=== Dataset extract ===
____________

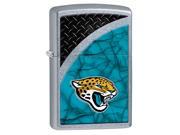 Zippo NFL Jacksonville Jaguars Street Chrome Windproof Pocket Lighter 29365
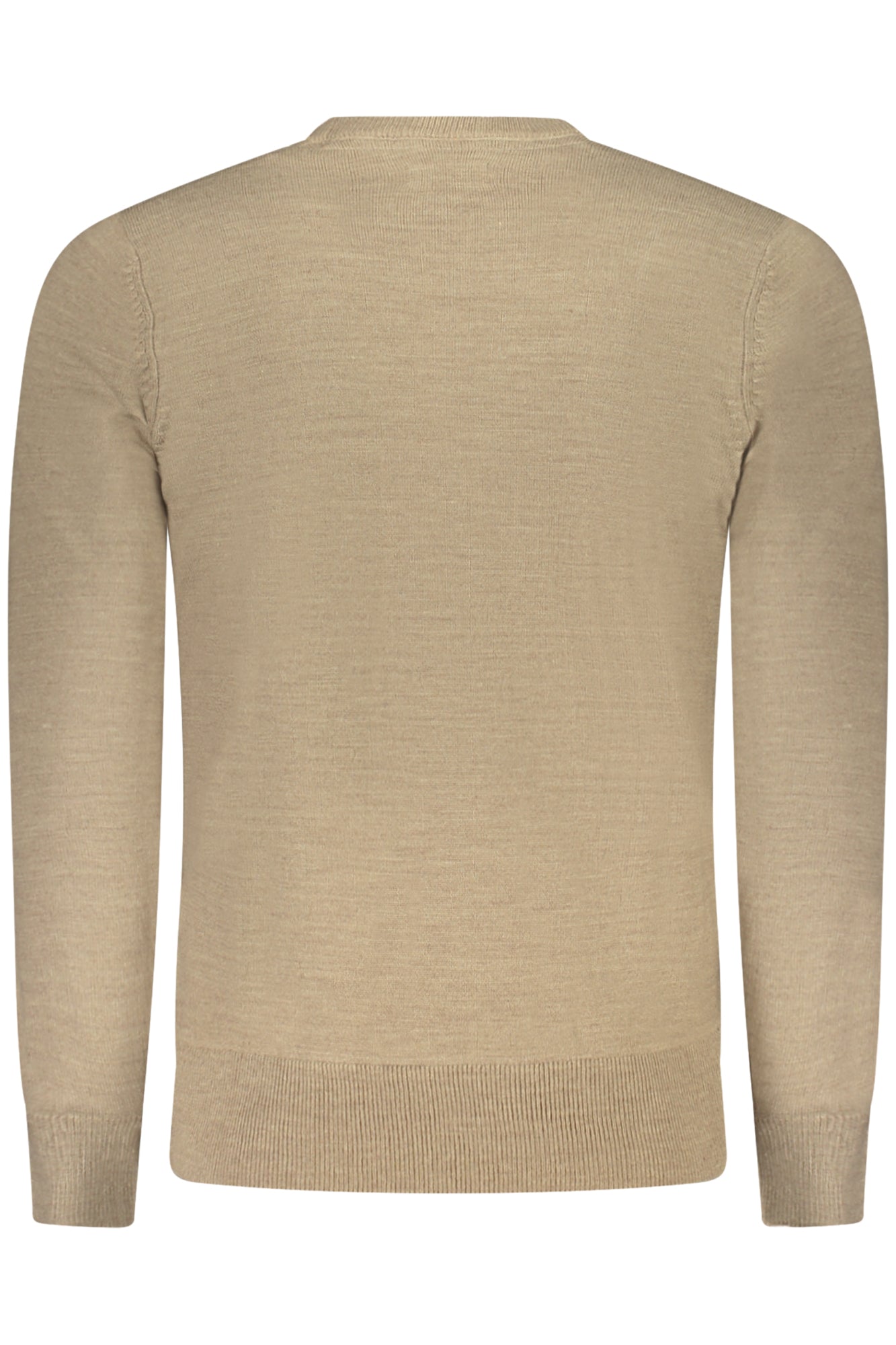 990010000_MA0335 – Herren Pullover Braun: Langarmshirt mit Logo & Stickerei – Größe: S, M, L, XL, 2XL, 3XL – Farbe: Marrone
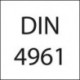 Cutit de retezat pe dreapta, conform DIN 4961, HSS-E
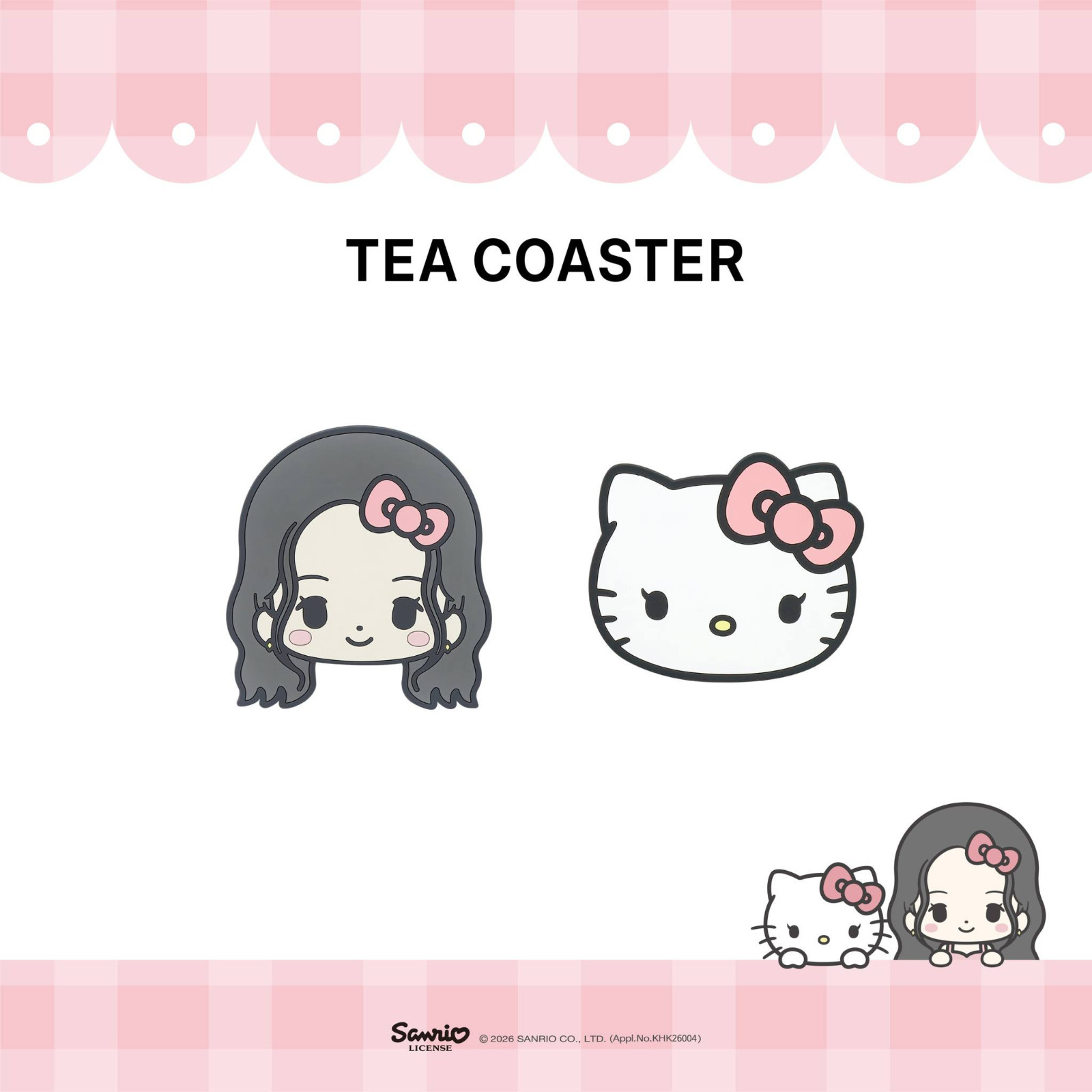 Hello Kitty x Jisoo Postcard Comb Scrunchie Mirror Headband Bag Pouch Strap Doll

____________

=== Exercise requirements ===
Copy the material exactly. Do not include the pictures.

=== Problem solution ===
 Zippo NFL Jacksonville Jaguars Street Chrome Windproof Pocket Lighter 29365
 990010000_MA0335 – Herren Pullover Braun: Langarmshirt mit Logo & Stickerei – Größe: S, M, L, XL, 2XL, 3XL – Farbe: Marrone
 Cutit de retezat pe dreapta, conform DIN 4961, HSS-E
 Hello Kitty x Jisoo Postcard Comb Scrunchie Mirror Headband Bag Pouch Strap Doll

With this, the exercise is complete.